Service Discovery
Why Service Discovery Exists
In monolithic architectures, services communicate via well-known addresses — a database lives at db.internal:5432, the cache at redis.internal:6379. These addresses are configured once and rarely change. Microservices shatter this simplicity. When a single application decomposes into dozens or hundreds of services, each with multiple instances that scale dynamically, the question "where is service X right now?" becomes a fundamental infrastructure problem.
Service discovery solves:
- Dynamic location — instances come and go as they scale, deploy, or fail
- Load distribution — distributing requests across healthy instances
- Health awareness — automatically removing failed instances
- Multi-environment — services exist in dev, staging, production with different locations
Without service discovery, you are left with static configuration files that must be updated every time an instance changes — a process that breaks down at scale and velocity.
Historical Context
The problem isn't new. DNS was the original service discovery mechanism (and still is, in many environments). But DNS was designed for the relatively stable Internet namespace, not for microservices where instances churn every few seconds. The limitations — TTL-based caching delays, lack of health checking, no metadata — drove the creation of purpose-built service discovery systems.
First Principles
The Service Discovery Triangle
Every service discovery system must address three concerns:
Registration Patterns
Self-registration: The service instance registers itself with the registry on startup and deregisters on shutdown.

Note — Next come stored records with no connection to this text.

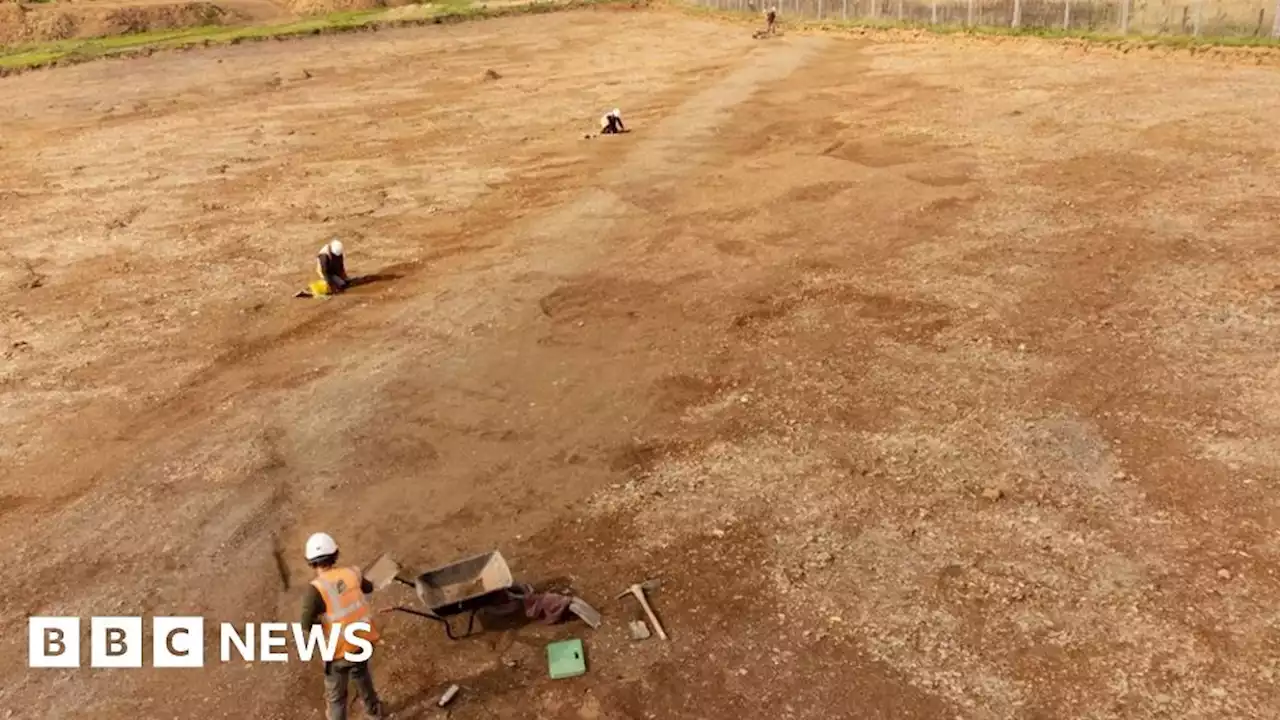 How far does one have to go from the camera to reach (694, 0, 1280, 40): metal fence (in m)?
28.4

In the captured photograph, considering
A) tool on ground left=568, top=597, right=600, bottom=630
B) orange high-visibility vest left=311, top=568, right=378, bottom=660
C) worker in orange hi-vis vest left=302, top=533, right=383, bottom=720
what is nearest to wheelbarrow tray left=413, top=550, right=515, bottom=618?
tool on ground left=568, top=597, right=600, bottom=630

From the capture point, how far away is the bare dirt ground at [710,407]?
817 centimetres

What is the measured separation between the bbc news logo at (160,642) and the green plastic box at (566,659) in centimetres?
217

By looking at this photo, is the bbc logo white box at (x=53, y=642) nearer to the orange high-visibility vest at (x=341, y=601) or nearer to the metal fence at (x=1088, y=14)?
the orange high-visibility vest at (x=341, y=601)

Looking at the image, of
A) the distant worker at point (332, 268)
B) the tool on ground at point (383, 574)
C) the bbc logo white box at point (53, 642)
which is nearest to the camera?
the tool on ground at point (383, 574)

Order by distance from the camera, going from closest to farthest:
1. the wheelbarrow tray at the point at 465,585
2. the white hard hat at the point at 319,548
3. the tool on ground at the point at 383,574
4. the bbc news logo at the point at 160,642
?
the white hard hat at the point at 319,548
the tool on ground at the point at 383,574
the wheelbarrow tray at the point at 465,585
the bbc news logo at the point at 160,642

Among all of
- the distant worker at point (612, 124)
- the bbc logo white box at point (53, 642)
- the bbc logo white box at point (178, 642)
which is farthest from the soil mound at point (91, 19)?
the bbc logo white box at point (178, 642)

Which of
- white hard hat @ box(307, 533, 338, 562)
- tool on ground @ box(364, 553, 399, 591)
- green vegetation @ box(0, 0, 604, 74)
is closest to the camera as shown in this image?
white hard hat @ box(307, 533, 338, 562)

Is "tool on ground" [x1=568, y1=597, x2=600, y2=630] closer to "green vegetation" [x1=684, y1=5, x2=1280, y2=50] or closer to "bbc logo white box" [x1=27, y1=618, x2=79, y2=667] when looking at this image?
"bbc logo white box" [x1=27, y1=618, x2=79, y2=667]

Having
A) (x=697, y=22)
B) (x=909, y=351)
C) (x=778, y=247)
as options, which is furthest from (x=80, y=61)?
(x=909, y=351)

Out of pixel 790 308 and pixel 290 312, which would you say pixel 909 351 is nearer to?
pixel 790 308

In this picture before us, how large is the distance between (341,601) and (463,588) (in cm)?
177

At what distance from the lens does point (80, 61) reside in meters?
43.0

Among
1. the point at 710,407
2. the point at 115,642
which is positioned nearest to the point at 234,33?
the point at 710,407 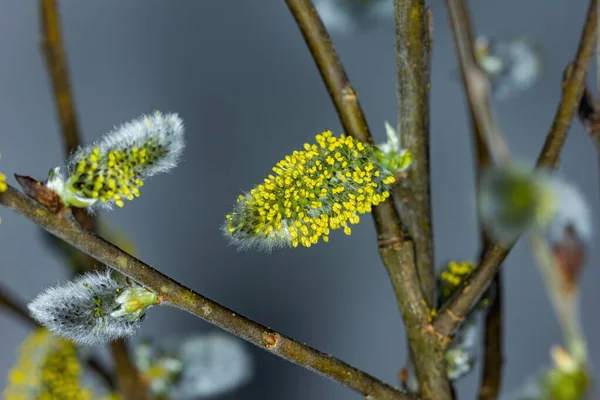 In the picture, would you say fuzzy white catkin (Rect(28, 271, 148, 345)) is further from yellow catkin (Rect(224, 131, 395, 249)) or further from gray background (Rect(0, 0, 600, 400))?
gray background (Rect(0, 0, 600, 400))

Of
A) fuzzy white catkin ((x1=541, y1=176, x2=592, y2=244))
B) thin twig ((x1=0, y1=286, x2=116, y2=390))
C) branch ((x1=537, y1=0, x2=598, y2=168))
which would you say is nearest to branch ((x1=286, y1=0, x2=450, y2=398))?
branch ((x1=537, y1=0, x2=598, y2=168))

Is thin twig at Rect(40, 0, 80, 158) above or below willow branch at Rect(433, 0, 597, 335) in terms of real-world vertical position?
above

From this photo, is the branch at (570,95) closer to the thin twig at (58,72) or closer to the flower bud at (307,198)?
the flower bud at (307,198)

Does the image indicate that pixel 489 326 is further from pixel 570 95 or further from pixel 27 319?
pixel 27 319

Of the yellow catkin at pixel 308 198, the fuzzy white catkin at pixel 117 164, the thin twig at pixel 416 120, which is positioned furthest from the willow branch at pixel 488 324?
the fuzzy white catkin at pixel 117 164

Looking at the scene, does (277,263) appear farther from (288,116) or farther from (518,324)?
(518,324)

Third-party registration: An external registrar (e.g., the orchestrator) manages registration. Kubernetes uses this pattern — the kubelet and kube-proxy handle service registration, not the application.
| Pattern | Pros | Cons |
|---|---|---|
| Self-registration | Simple, no external dependency | App coupling to registry, language-specific |
| Third-party registration | App unaware of registry, consistent | Requires orchestrator, additional component |
Discovery Patterns
Client-side discovery: The client queries the registry and selects an instance.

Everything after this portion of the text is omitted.